The part to set down runs from the first line of the data below through the line with "And then down", inclusive; write it exactly and leave out the pictures.

*Dataset content*.
BEGIN

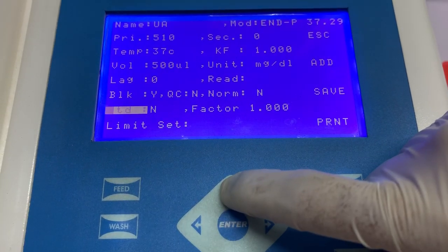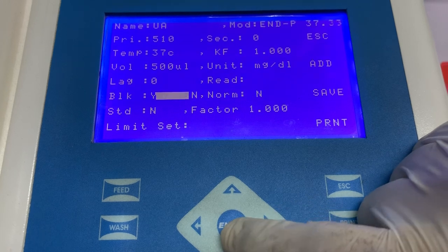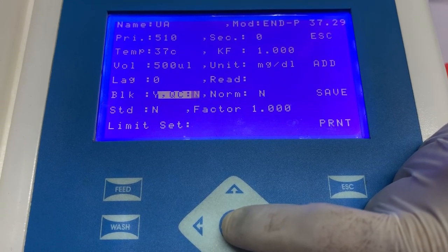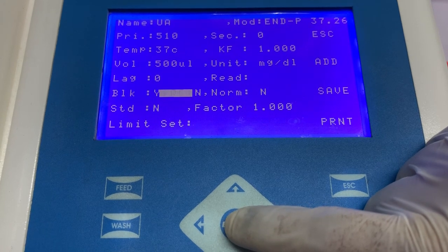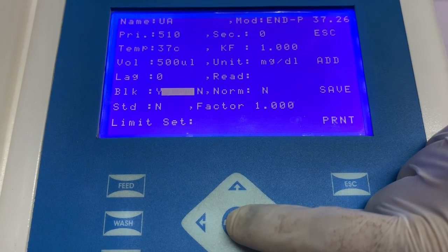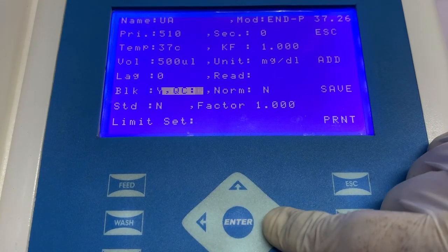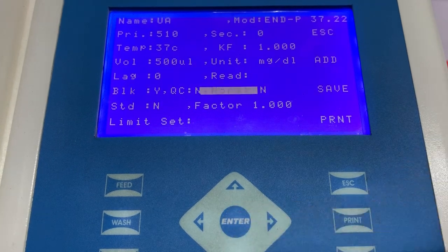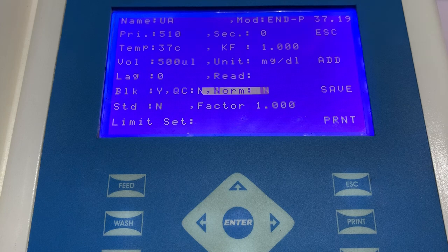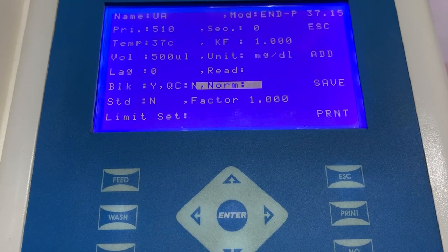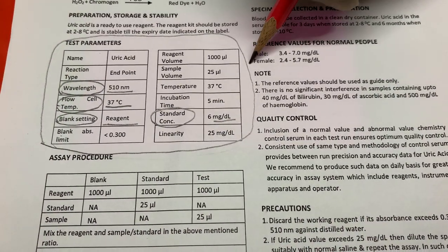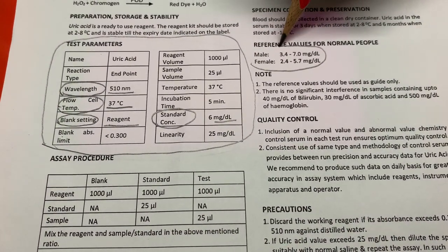The next information that needs to be entered is QC. If you are running any quality control serum, the value of normal or abnormal range can be entered here. The next information to be entered is the normal range of the patient sample. The laboratory should ascertain its own normal range, but if the laboratory has not established its normal range, the values mentioned in the instructions for use can be entered here.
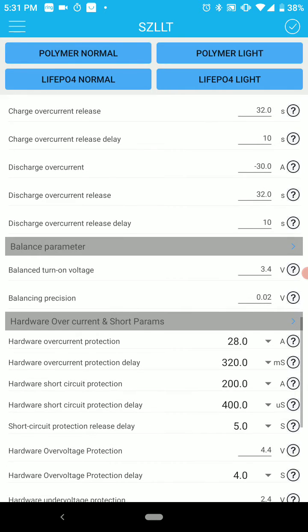And then down here where it says balance turn on voltage 3.4, balancing precision 0.02. So if it is above 3.4 it balances, and if it is out of more than 0.02, it balances.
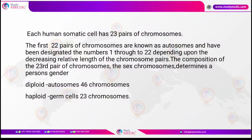Each human somatic cell is going to have 23 pairs of chromosomes. The first 22 pairs are autosomes and have been designated the numbers 1 through 22 depending upon the decreasing relative length of the chromosome pairs. The composition of the 23rd pair, the sex chromosomes, determines a person's gender. Diploid means 46 chromosomes and haploid means 23 chromosomes.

END

*Solution*.
The next information that needs to be entered is QC. If you are running any quality control serum, the value of normal or abnormal range can be entered here. The next information to be entered is the normal range of the patient sample. The laboratory should ascertain its own normal range, but if the laboratory has not established its normal range, the values mentioned in the instructions for use can be entered here.
And then down here where it says balance turn on voltage 3.4, balancing precision 0.02. So if it is above 3.4 it balances, and if it is out of more than 0.02, it balances.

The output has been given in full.